IQ is not the same as intelligence, although it is almost certainly highly correlated.
Whites are not on top. Both Jews and East Asians score higher on average.
In America, blacks have mean IQ scores about 0.7 SD, or about 10 points, lower than whites.
Black children have, on average, twice the blood lead levels of white children.
The first large scale IQ testing in America was of recruits during the First World War, in 1917.
In those 1917 tests, the average score was 15 points below today's average.
A century ago, there was a 15 point gap in IQ scores between Protestant and Catholics in Ireland.
Today there is no gap.
So is the "IQ gap" caused by genetics? Maybe, but similar gaps in the past were not.
It's very possible. The effect found by each of these genes was very small, a fraction of an IQ point. At that small size, I would doubt that I had accounted for all confounding variables. Something as simple as hair color might be a confounding factor, and height certainly would be.
"First they came for the slanderers and i said nothing."
ALL the genes put together had a total of 5% impact on Intelligence. That means an IQ of 105 vs 100. That is a minor effect.
Worst of all, minor effects like this, are typical of false positives. That is, most scientific tests use a significance threshold of no more than 4%, which is one in 25. That means if you test 25 different random alcoholic drinks, one of them, by random chance, will be shown to cause a minor increase in intelligence. This would be a false positive.)
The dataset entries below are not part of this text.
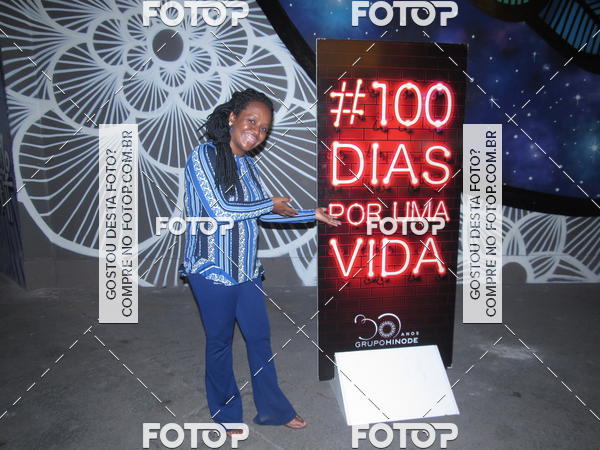 Buy your photos of the eventHinode Fest 19/08 on Fotop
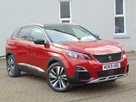 2020-peugeot-3008-suv-12-puretech-gt-line-premium-small-0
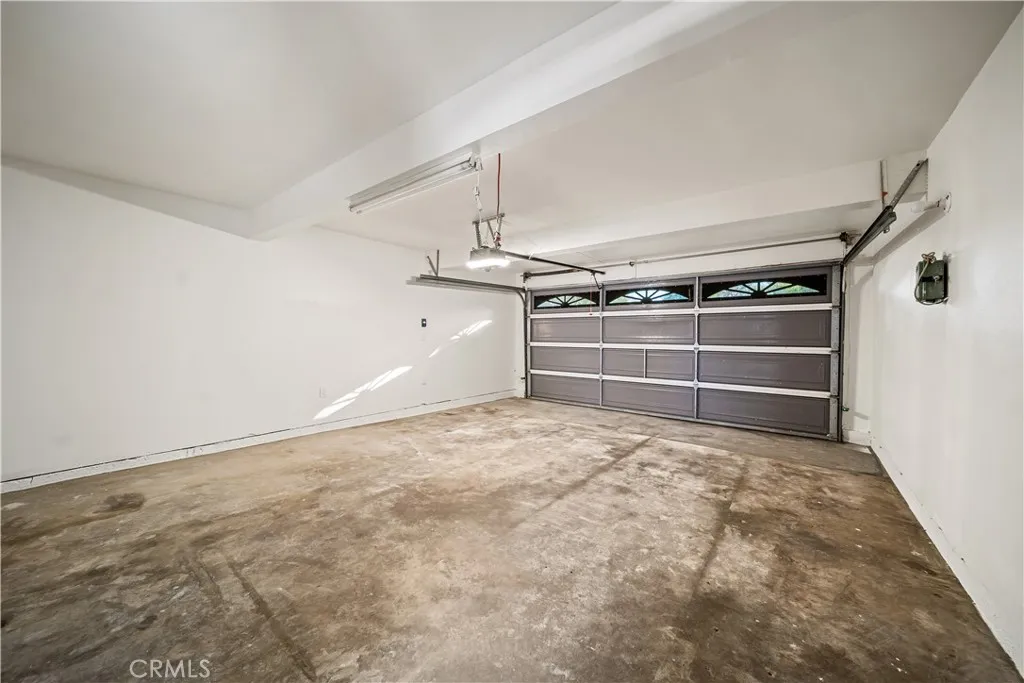 2013 Victoria Drive, Fullerton, California 92831 home-pic-27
And they did over 300 tests. So if they are using a 4% significance, that would be 4*3= 12 false positives.
This article looks like the worst kind of fake science news. You know, the kind that a President would quote (Pick Trump/Obama, whichever your personal bias thinks would do that).
excitingthingstodo.blogspot.com
That doesn't seem like a good enough reason to put the kibosh on the study of intelligence. The racial angle is weak. Everyone that matters knows racial differences are small. But what we have to gain by learning about intelligence is huge. We can learn about learning disorders. We can try to ameliorate the damage of dementia. Granted that this also opens up a can of worms regarding what interventions are ethical, but that's not a racial issue.
The fact that something could--if you bend over backwards by ignoring the actual numbers--be used to promote racism shouldn't be a reason not to discuss it candidly when the context is bettering everybody's lives.
A cat can't teach a dog to bark.
Apparently iodine is the reason people today are marginally more intelligent than the were before.
http://blogs.discovermagazine....
That doesn't mean that genetics doesn't make a difference.
However showing that there are dozen of genes. It would make sense racial factors would be a minor aspect. Also many of our racial distinctions have less to do about genetics and more about culture.
Intelligence is complex, while we may measure it in terms of IQ but there are many variations of it and a lot of it is also based environment.
You could have genes that would make you the strongest person in the world, but you never exercised so they are genetically inferior people who are stronger than you because they maximize their potential while you didn't. The same with intelagance you can have the won the genetic lottery in terms of intelligence. But you may not have worked it out, so if you take that IQ test your score wouldn't reflect your full potential.
If something is so important that you feel the need to post it on the internet... It probably isn't that important.